# TASK
Beginning with the line that includes "ABC MADRID 15-04-1917 página 18" and ending with the last line, print the records exactly, leaving every picture out.

# SUPPLIED DATA
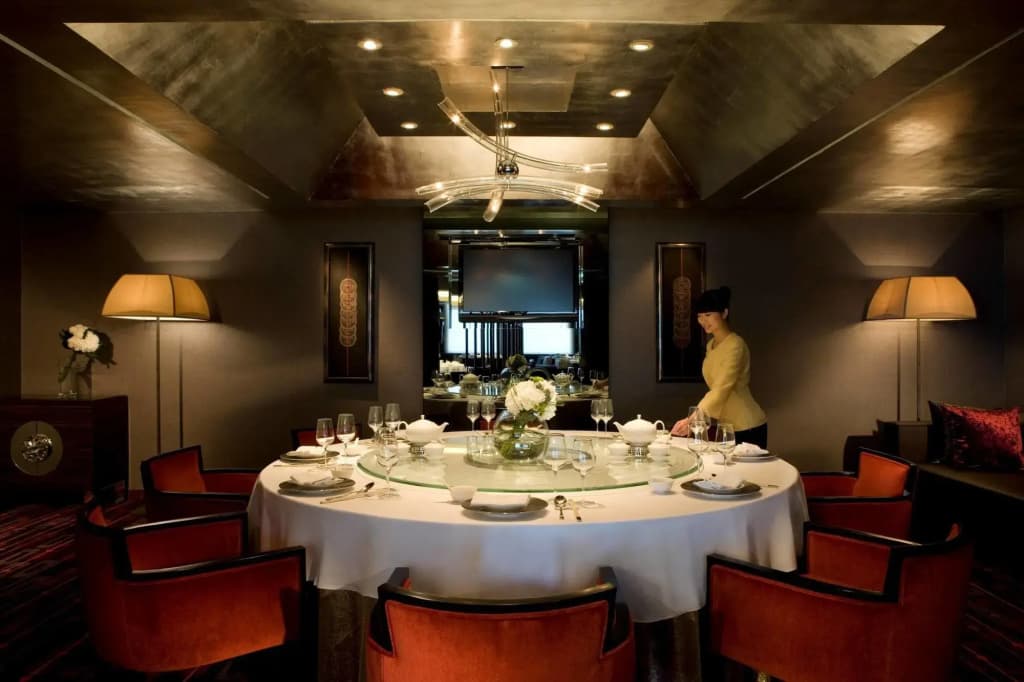 Hong Kong SkyCity Marriott Hotel - photo 23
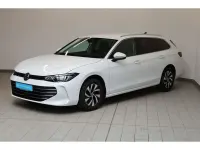 Gebraucht VW Passat Business 150 PS (110 kW) 2024 Weiss Kombi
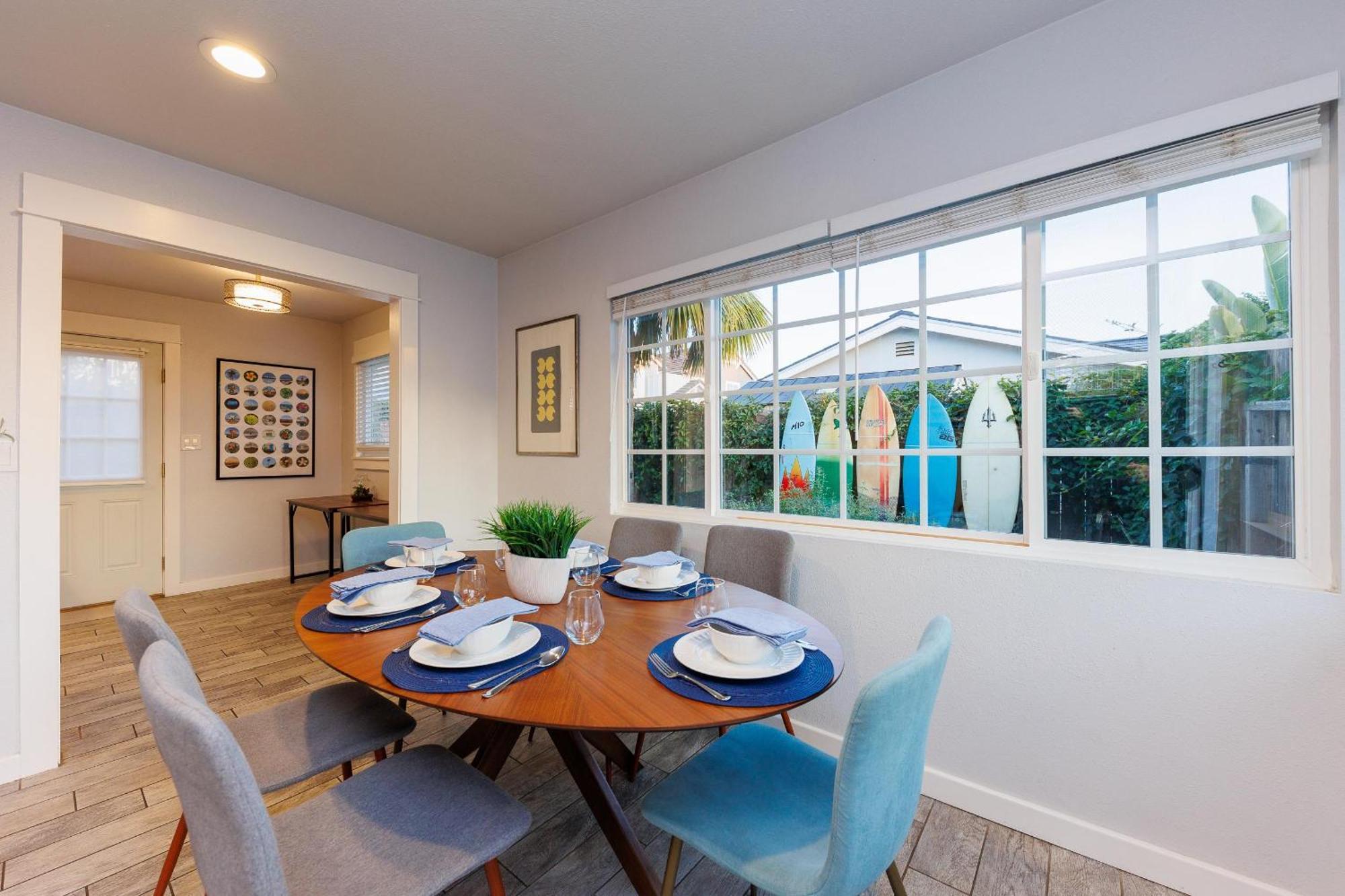 Charming Beach Bungalows - 4Br, Sleeps 10, Pets Ok Carlsbad Buitenkant foto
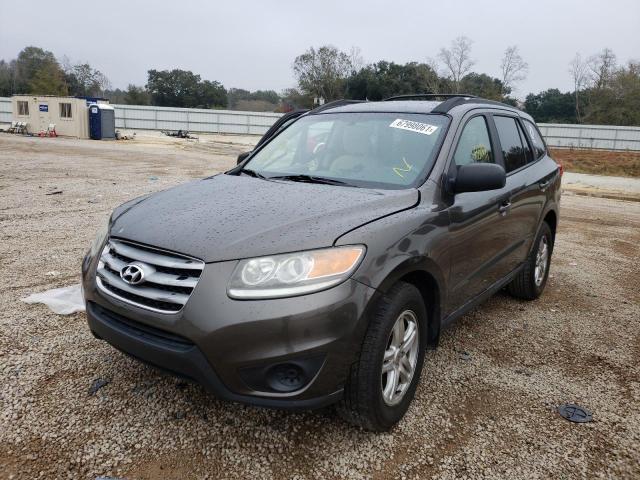 Photo 1 VIN: 5XYZG3AB7CG117285 - HYUNDAI SANTA FE G 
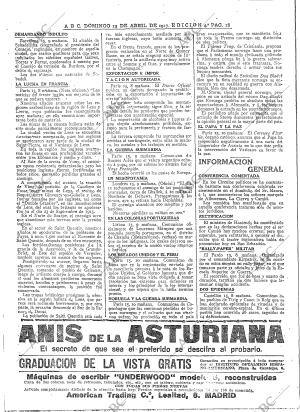 ABC MADRID 15-04-1917 página 18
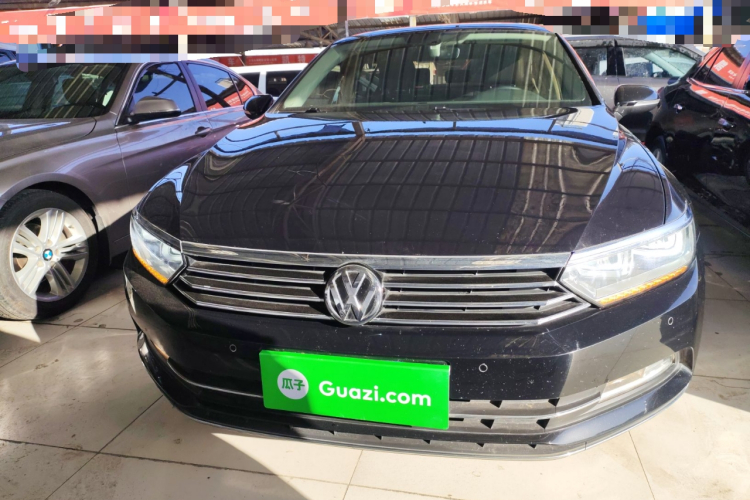 大众 迈腾 2019款 330TSI DSG 豪华型 国VI车身外观2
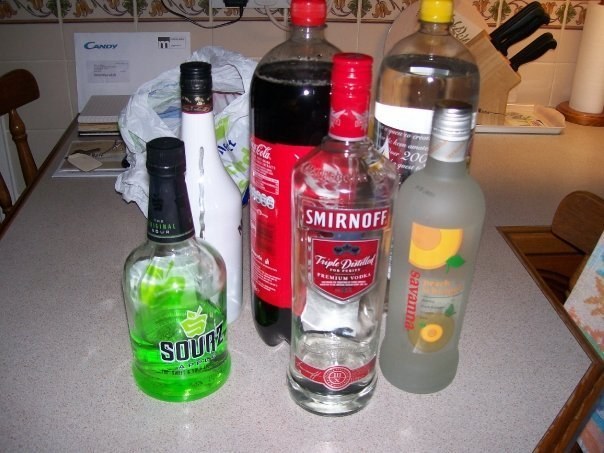 Deciding whose house to pre-drink at needs a very long WhatsApp convo.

# RESULT BELOW
 ABC MADRID 15-04-1917 página 18
 大众 迈腾 2019款 330TSI DSG 豪华型 国VI车身外观2
 Deciding whose house to pre-drink at needs a very long WhatsApp convo.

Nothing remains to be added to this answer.